Ultraseek vs. Google Search Appliance

On the occasion of the Googlebox end of life news, it is time to talk about what a weak product it really was.

Sandia Labs was an Ultraseek customer and ran a relevance experiment where Ultraseek trounced the Google Search Appliance. But first some history.

Many of the US national laboratories used Ultraseek. I don’t remember how it started, but I was invited to give talks about search at two of their IT conferences, one at Oak Ridge National Laboratory (auditorium named after Nobel laureate Eugene Wigner) and one at SLAC, Stanford Linear Accelerator (first website outside Europe).

The labs were quite happy with Ultraseek, but at Sandia, the search team was asked to evaluate the Google Search Appliance. Like good scientists, they set up an experiment. They formatted the results from the two engines in similar, anonymous styles. They set up a table in the cafeteria, offering free cookies for people to try searches and choose the best results from the two engines.

This is a simple but very effective evaluation technique. I like it because it judges the whole result set, both ranking and presentation. It isn’t good for diagnostics, but it is great for customer satisfaction. I call this approach “Kitten War“.

Ultraseek won the experiment, 75% to 25%. That is a three-to-one preference. I’ve never seen that magnitude in a search experiment. In search, we break out the champagne when we get a one percentage point improvement in clickthrough. I’m not kidding. This is beyond massive.
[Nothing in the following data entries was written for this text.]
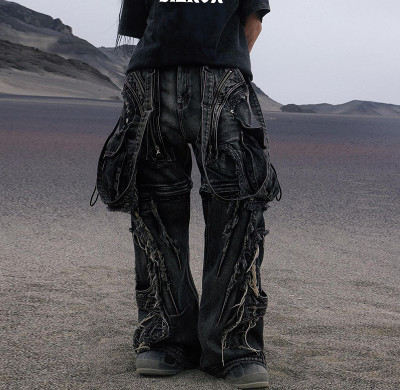 Maßgeschneiderte Gothic-Jeans im Distressed-Stil mit weitem Bein, Cargo-Taschen und Punk-inspirierten Details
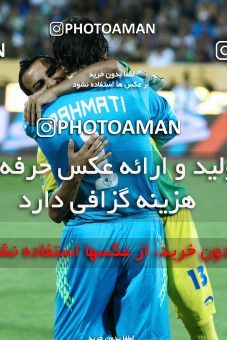 1040620, Tehran, [*parameter:4*], لیگ برتر فوتبال ایران، Persian Gulf Cup، Week 10، First Leg، Esteghlal 1 v 1 Rah Ahan on 2011/10/14 at Azadi Stadium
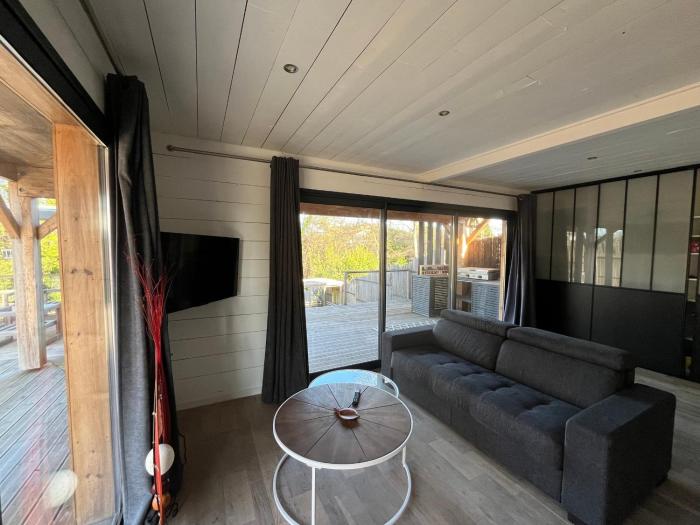 Belle maison de 4 chambres au bord du canal à Cazaux - FR-1-319-598
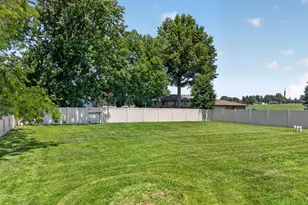 1722 Sharon Rd, Streator, IL 61364 - Photo 31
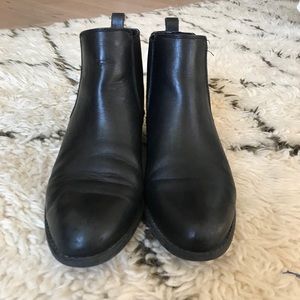 Leather Chelsea boot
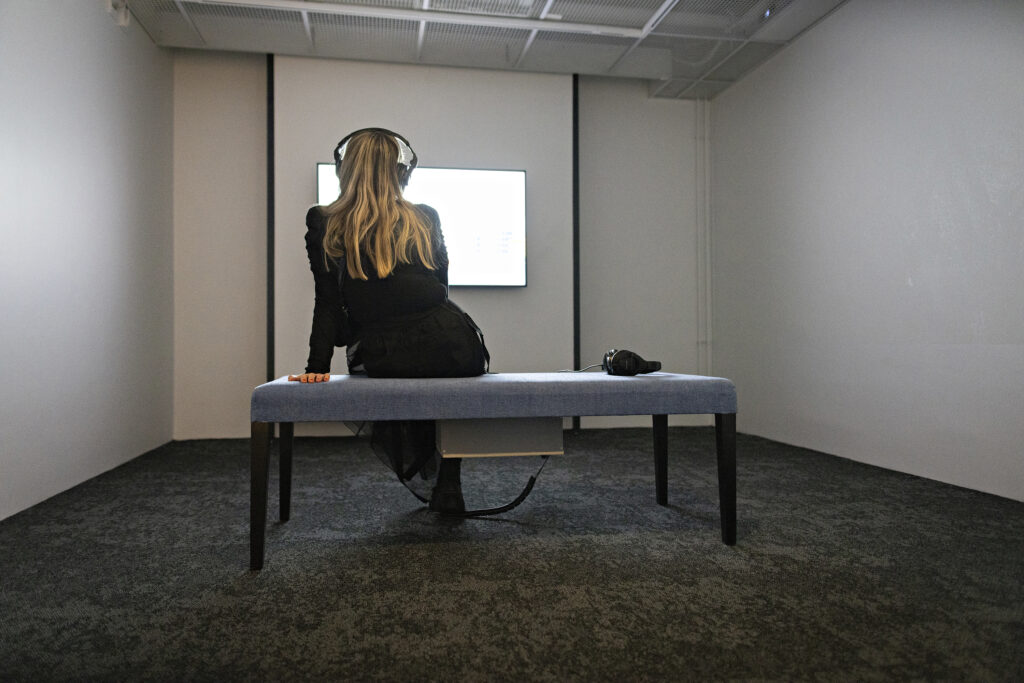 Korvamato Mediataidetta Kiasmasta -näyttelyn mediataideinstallaatiota Oulun kaupungintalolla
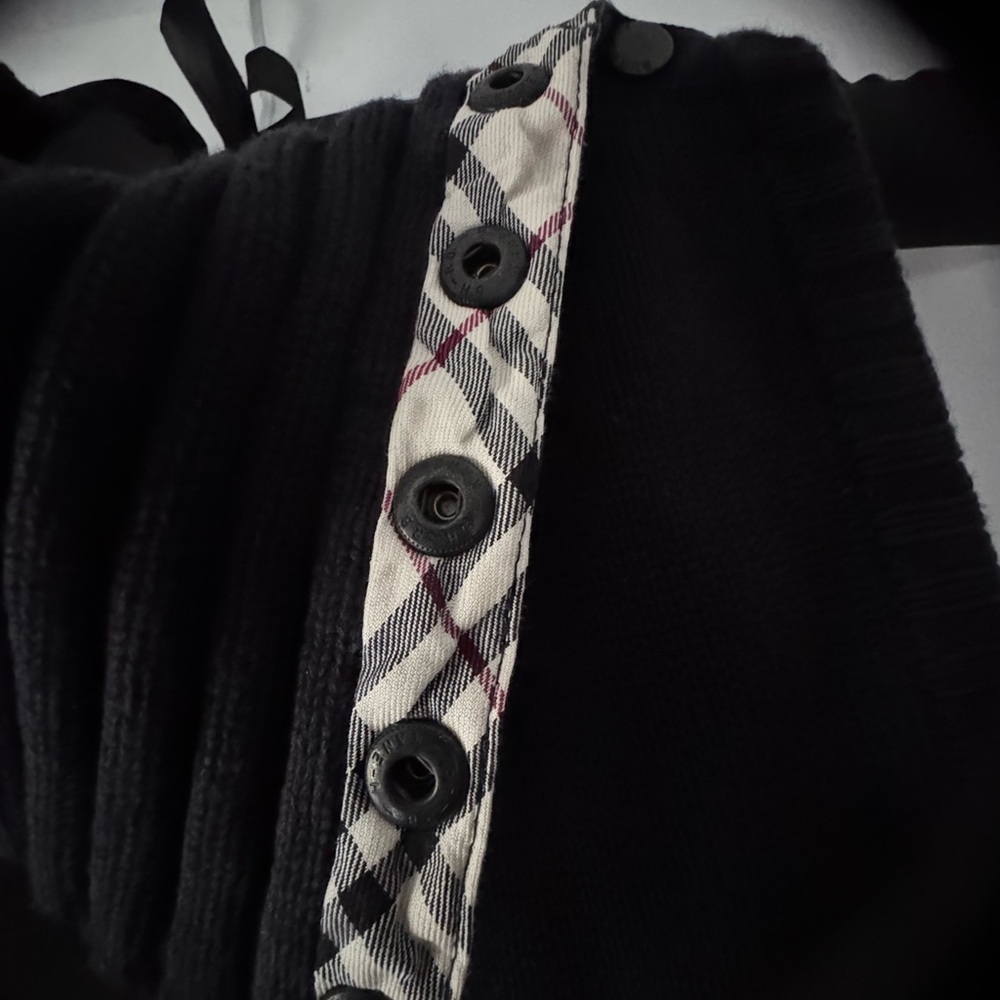 Burberry Black Cowl Neck Sleeveless Sweater like new - Picture 2 of 9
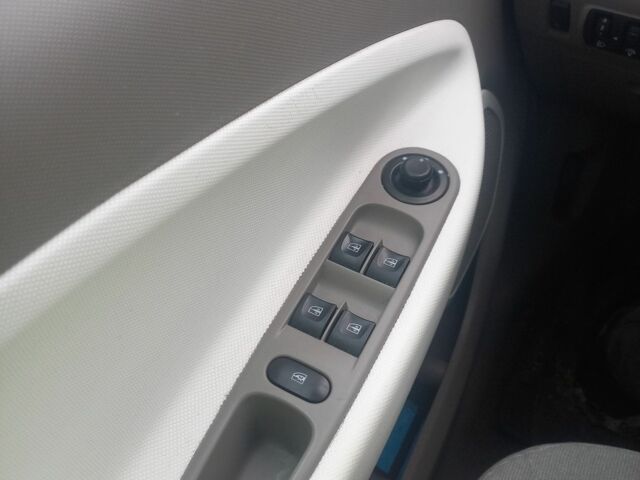 Белый Рено Зое, объемом двигателя 0 л и пробегом 150 тыс. км за 5550 $, фото 10 на Automoto.ua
Whoever was pushing Google at Sandia asked them to re-run the experiment with the logos. With that change, Google won 55% to 45%.
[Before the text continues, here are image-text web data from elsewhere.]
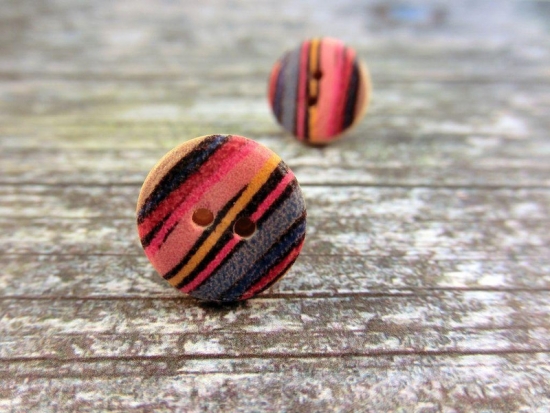 Preview: Ohrstecker Holzknöpfe Streifen Zebra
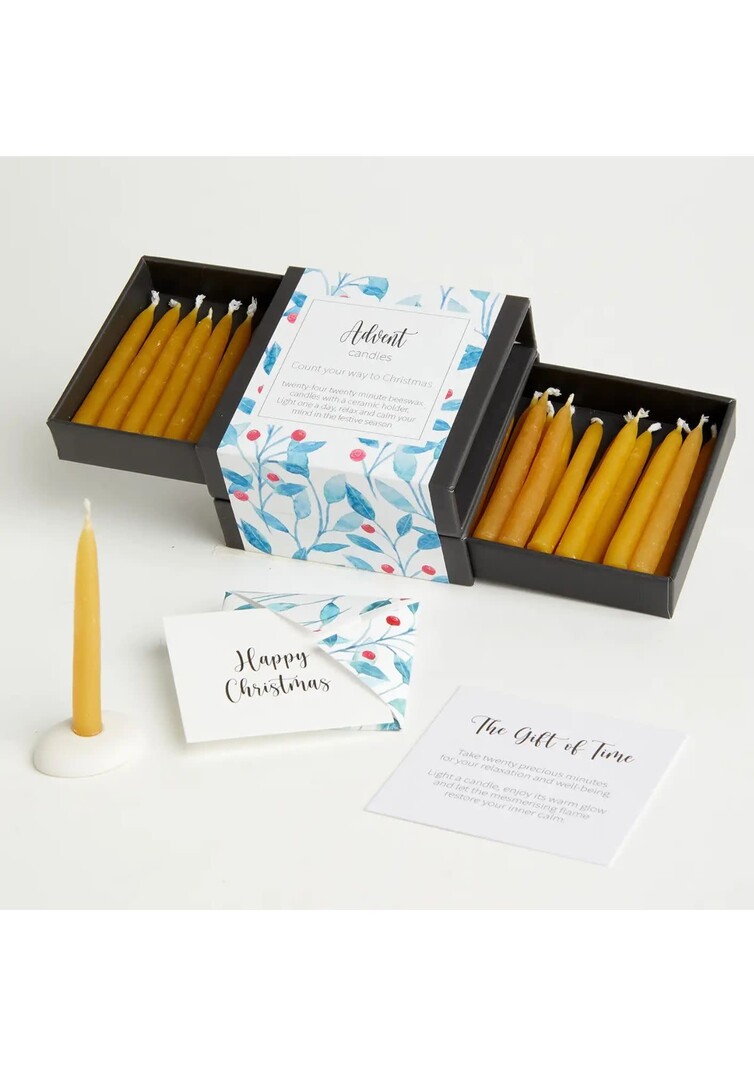 Advent Candles - 24 Mini Kerzen aus Bienenwachs mit zwei Keramikhaltern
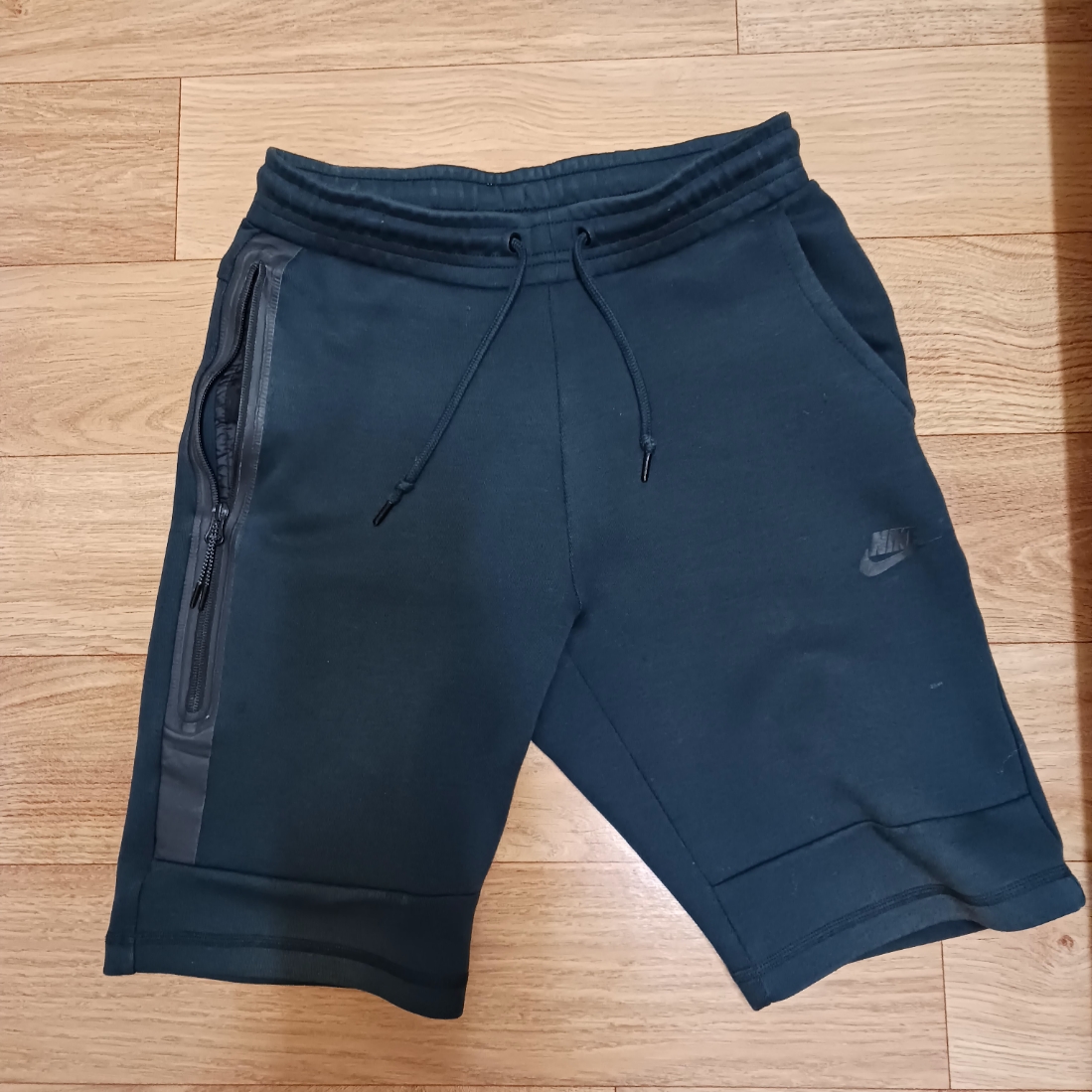 Nike NSW Tech Fleece Slim-Fit Joggers Dark Grey Heather - Asia, Nike NSW Tech Fleece Shorts Black - US/EU 착용 스타일 - 2
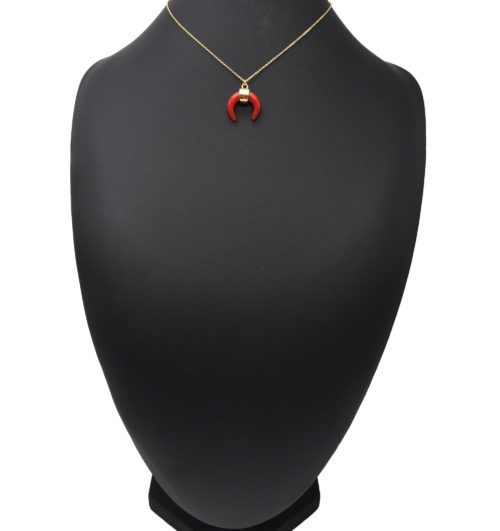 Collier-Fine-Chaine-Pendentif-Corne-Lune-Resine-Bordeaux-et-Centre-Metal-Dore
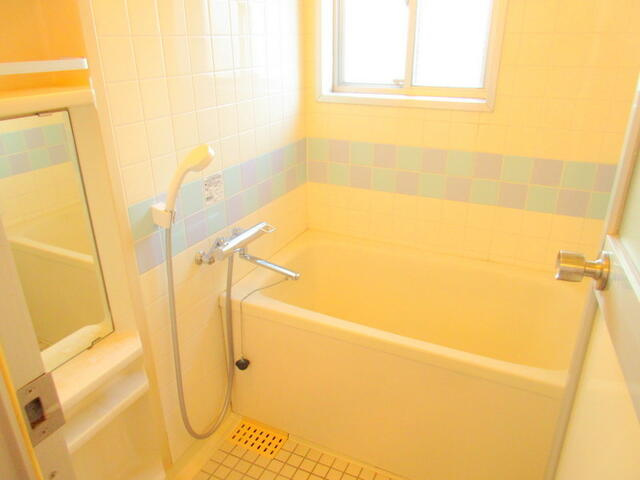 キャストロ鎌ケ谷の浴室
Also, performance? Ultraseek was spec’ed for 15 queries/sec and surpassed that spec. The first release of the Googlebox was spec’ed at 30 queries/min, thirty times slower. They later increased that to 60 queries/min. That is one query per second.
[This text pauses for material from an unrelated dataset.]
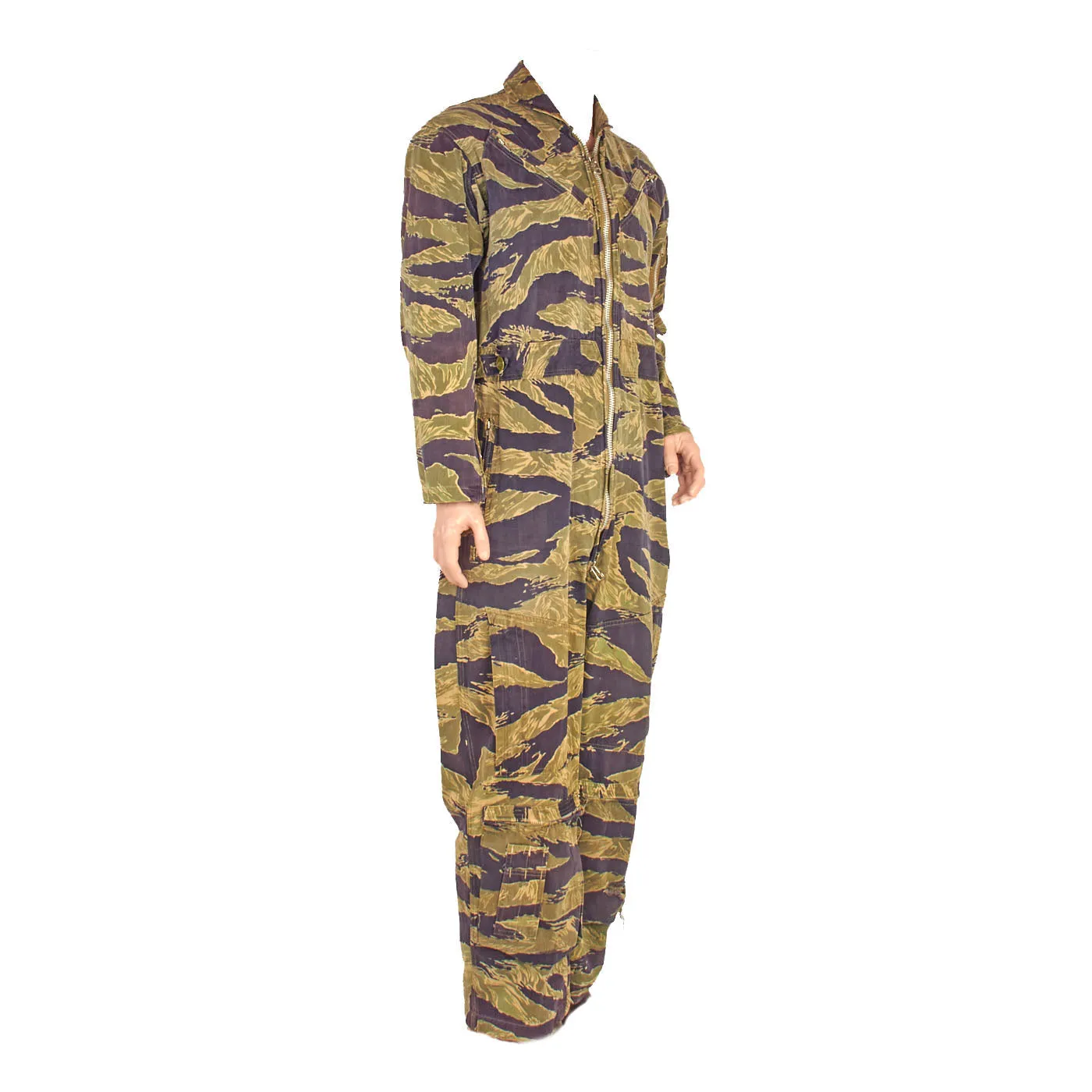 Original Rare Vietnam War Pilot’s Japanese-Made “John Wayne” Pattern Tigerstripe Flightsuit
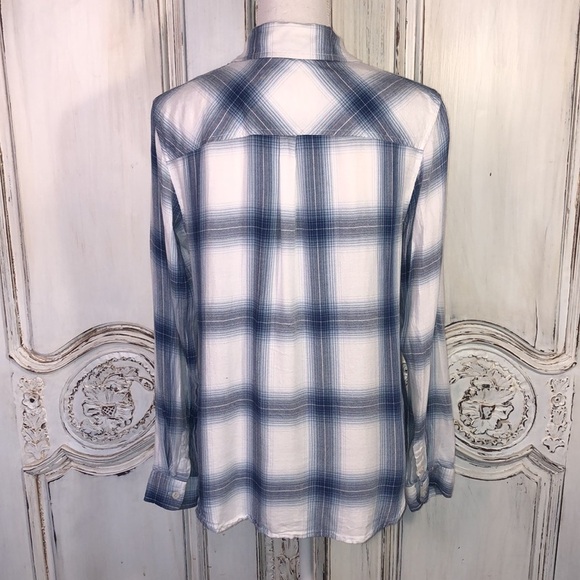 PENDLETON Lightweight Blue and White Plaid Long Sleeve Button Down Size Small - Picture 9 of 9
Ultraseek actually ran at around 25+ qps, though some new features dropped us closer to 15 qps.

We were the public search engine for irs.gov through Anderson Consulting. Instead of reading the specs, Anderson promised what they had measured instead of the specs, then complained to us. They were massive a-holes about it, even after I made it very clear that it was their fault. But we made Ultraseek even faster, because who wants the IRS search to be slow? irs.gov ran a cluster of fifteen Ultraseek servers. Would not want to try and make that rate with Googleboxes.

Sadly, the relevance test was the point when Ultraseek should have just given away the source code and gone home. The Google logo was enough to sell a massively inferior product. There was nothing we could do in engineering, sales, whatever, to compete with the Google logo.

Sandia Labs did stay with Ultraseek and we continued on for a number of years, but the writing was on the wall.


4 thoughts on “Ultraseek vs. Google Search Appliance

  1. I’m confused about one point… towards the end you say GSA was a massively inferior product [to Ultraseek]. But you conceded that Ultraseek failed the relevance test. (search ranking/results I assume you mean). Isn’t that very very important for a search engine?

    BTW I once observed a panel of search industry sales guys from most of the major companies (including Google for GSA) at an event private to a large company I once worked for. I remarked to myself how cocky the Google GSA sales guy was — it was all about the huge Google brand.


  2. Sorry, I wasn’t clear. Ultraseek won the blind relevance test, very handily. Without showing the Ultraseek or Google logos, Ultraseek won.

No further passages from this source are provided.